For the purposes of this study, the offshore oil and gas development in the Arctic includes the following activities:

Reviews of offshore oil and gas development policy and applicable GHG emissions policy in the Arctic were also included as part of this work.

Several nations border the Arctic Ocean. Other than the United Nations Convention on the Law of the Seas, there has been limited integration of regulation and policy regarding activities in the Arctic. Some consider that part of the challenge in developing resources in the Arctic is a lack of collaboration at the international level on policy and regulation. In particular, the lack of a coordinated global policy and/or regulation tied to spill control is a common point of discussion for potential offshore oil and gas development in the Arctic.

Access for Arctic exploration and development varies considerably between nations. Canada is perceived to be more accommodating to the participation of international companies. Other nations such as Norway and Russia are more restrictive in favor of their own national companies, even though they have traditionally maintained opportunities for international investment. Historically, the most restrictive countries also have realized the most oil and gas development activity in the Arctic.

Greenhouse gas emissions policies also vary noticeably between Arctic nations. Most Arctic nations (except Russia and Iceland) have goals to achieve net-zero emissions domestically by 2050, though each country is pursuing these goals in different ways. While these GHG emissions targets often lack specific regulations for their enforcement, there is evidence that investment in Arctic offshore oil and gas development is decreasing due in part to the perceived increased risk in those types of developments meeting GHG emissions targets.

Despite potential policy challenges and technological challenges of developing offshore oil and gas resources in harsh environments, development is occurring and is expected to continue throughout the next decade, particularly in Norway and Russia.
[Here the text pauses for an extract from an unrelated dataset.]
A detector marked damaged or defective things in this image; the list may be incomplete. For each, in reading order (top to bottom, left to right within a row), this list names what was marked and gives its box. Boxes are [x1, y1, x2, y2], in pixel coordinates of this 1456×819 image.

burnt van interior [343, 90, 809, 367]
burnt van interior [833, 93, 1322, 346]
Norway plans to develop the Johan Castburg oil field by 2022, while development plans for Russia include 2 potential developments by 2030, with exploration continuing through the next decade.

To meet anticipated demand, as forecasted by the Canadian Energy Regulator (CER,formerly known as the National Energy Board), electricity generation in Canada must grow by 30% by 2040, with power generated from natural gas (from 10% to 16%) and renewable-based energy (from 5% to 11%) showing the largest increases (National Energy Board 2018).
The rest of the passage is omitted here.